Minggu, 22 April 2012

REKONTRUKSI PEMIKIRAN WONG-IKLIMA DALAM KEPEMIMPINAN TRANSFORMATIF

Ucapan terimakasih saya sampaikan pada rekan-rekan IKLIMA  (Ikatan Alumni Al-In’am Malang) yang senantiasa memberikan ruang diskusi menarik, sebagaimana dilakukan pada malam ini 21 April 2012, saya mendapat masukan yang sangat berlian dari obrolan singkat malam ini. Saya pikir, pemikiran-pemikiran konstruktif dan analitis seperti perlu kita jaga dan tradisikan.

Saya pun apresiasi pada rekan-rekan yang konsisten pada niat dan kometmennya untuk sama-sama melakukan perubahan dan perbaikan, tentu sebagaimana terjadi dalam diskusi bahwa cara perjuangan dan pengabdian tak harus sama. Upaya perubahan bisa dilakukan dengan banyak cara, bisa melalui sistem, bisa juga melalui non sistem. Namun perlu saya tekankan di sini, sitiap pilihan pasti memiliki resiko dan implikasi sesuai konteksnya.



Bagi rekan-rekan yang memilih jalur perjuangan melalui sistem pasti memiliki resiko positif dan negatif. Berjuang melalui sistem menurut hemat saya akan lebih efektif dan bisa dilakukan dengan keterukuran. Penyampai gagasan atau ide akan lebih mudah tersampaikan, terakomodir.  Namun tentu akan nada tantangan yang tak bisa teman-teman hindari. Setiap upaya perubahan pasti akan menimbulkan pro dan kontra, ada yang mendukung dan ada pula yang menolak bahkan mungkin akan mendapat perlawanan “penolakan”, semua itu menjadi resiko pada seorang pencangan perubahan. Penolakan itu bisa datang dari sistem itu sendiri bisa juga dari objek yang teman-teman bidik di lapangan, hal-hal yang demikian tak menutup kemungkinan akan dihadapi oleh teman-teman.

Saya pikir apapun kondisi medan juang yang rekan-rekan hadapi, hendaknya tidak menyurutkan niat dan pengabdian teman-teman untuk ummat.
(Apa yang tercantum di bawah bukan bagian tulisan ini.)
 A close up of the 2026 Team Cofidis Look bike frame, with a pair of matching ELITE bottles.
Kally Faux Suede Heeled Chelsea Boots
Tanggung jawab kita adalah mendorong perubahan kearah yang lebih baik (konstruktif), dan saya pikir inilah tantangan kita sebagai insan akdemik.
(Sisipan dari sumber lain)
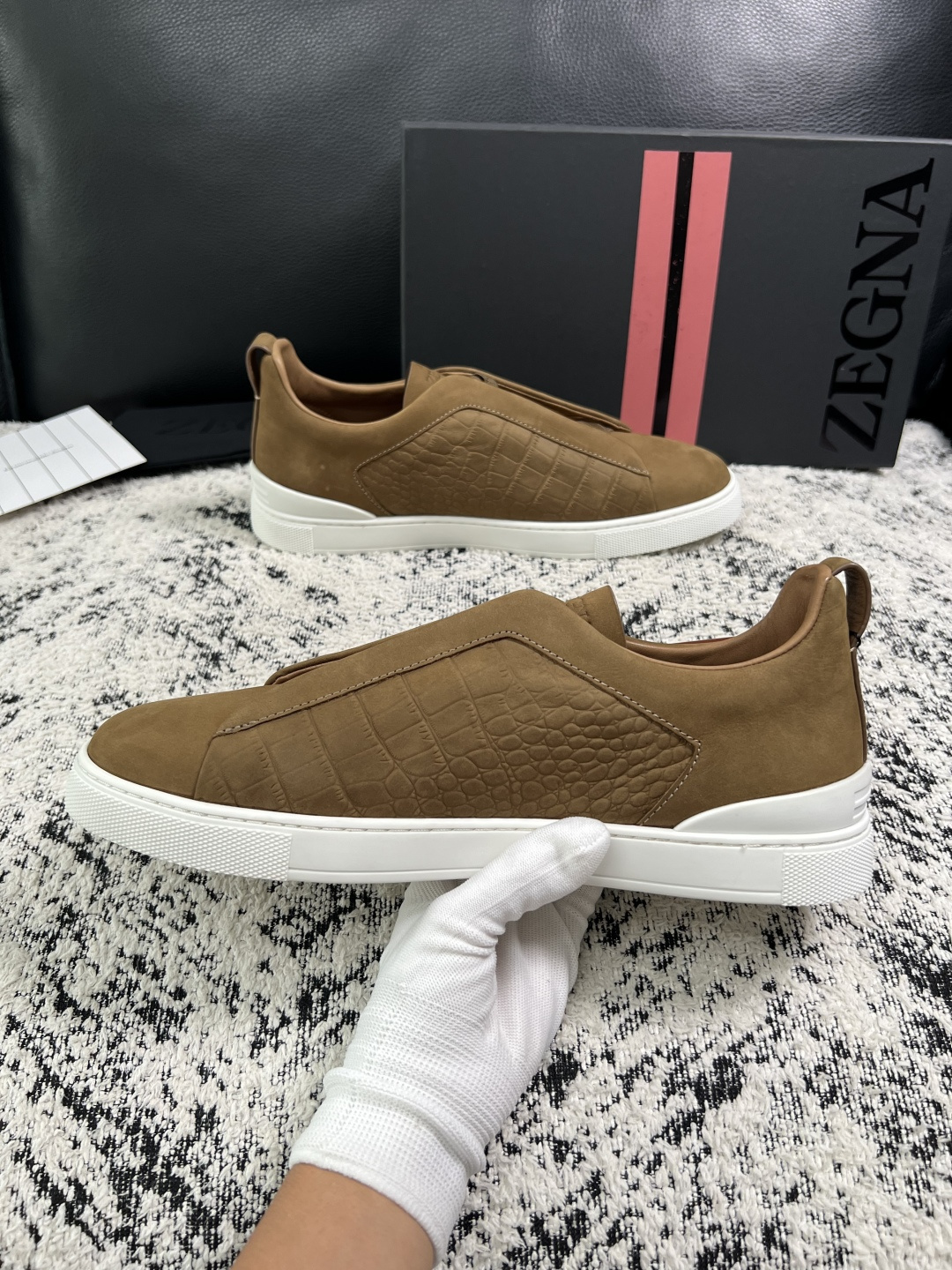 Zegna  高品质  顶级工艺品  杰尼亚  专柜新款原厂配置，意大利进口牛皮面料，进口牛里垫，透气舒适，鞋底：原厂特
Bila sebagain yang lain berpandangan memelihara keadaban budaya yang ada sebagai satu keharusan saya setuju. Namun kitapun harus sadar akan konteks peradaban modern yang terus menyerang dari berbagai arah. Mengantisipasi peradaban modern tidak bisa dilakukan dengan membentengi “mengasingkan diri dari pergaulan modern” diri. Mau tak mau kita mesti mengakrabi peradaban modern, menurut Drs. Hamid Fahmy Zarkasi “Kita kalah dalam istilah terminologi”, kekalahan ini lantaran sikap dan keengganan kita, artinya sikap abai terhadap kemajuan modern harus ditinjau ulang, kita harus mengambil peran aktif dengan terus mengimbangi arus modern dan tak boleh terbawa arus.

Maka pembagian peran sebagaimana dilakukan oleh teman-teman merupakan langkah maju yang harus terus ditumbuhkan guna tercipta satu keadaban sosila yang berwibawa dengan tetap berpegang pada nilai keadaban yang ada, apa yang teman-teman singgung dalam diskusi merupakan satu pernyataan sikap, sekaligus bisa dijadikan satu perbandingan bagi rekan-rekan di internal IKLIMA bahkan bisa menjadi kaca, begitulah kondisi sosial kita saat ini.

Pertanyaannya apakah kita akan mengikuti arus yang ada, atau kita melakukan ancang-ancang plan peruabahan. Sebagaimana saya sampaikan dalam forum, perjuangan yang kita lakukan harus mempertimbangkan implikasi ke depan. Saya percaya setiap pandangan teman-teman baik yang “ekstrim/mengalir” sama-sama memiliki nilai unik. Saya sepakat bahwa pertimbangan sosial dan kultur tak boleh disepelekan, namun perlu rekan-rekan pahami kadang satu perubahan memang harus ditempuh dengan cara radikal.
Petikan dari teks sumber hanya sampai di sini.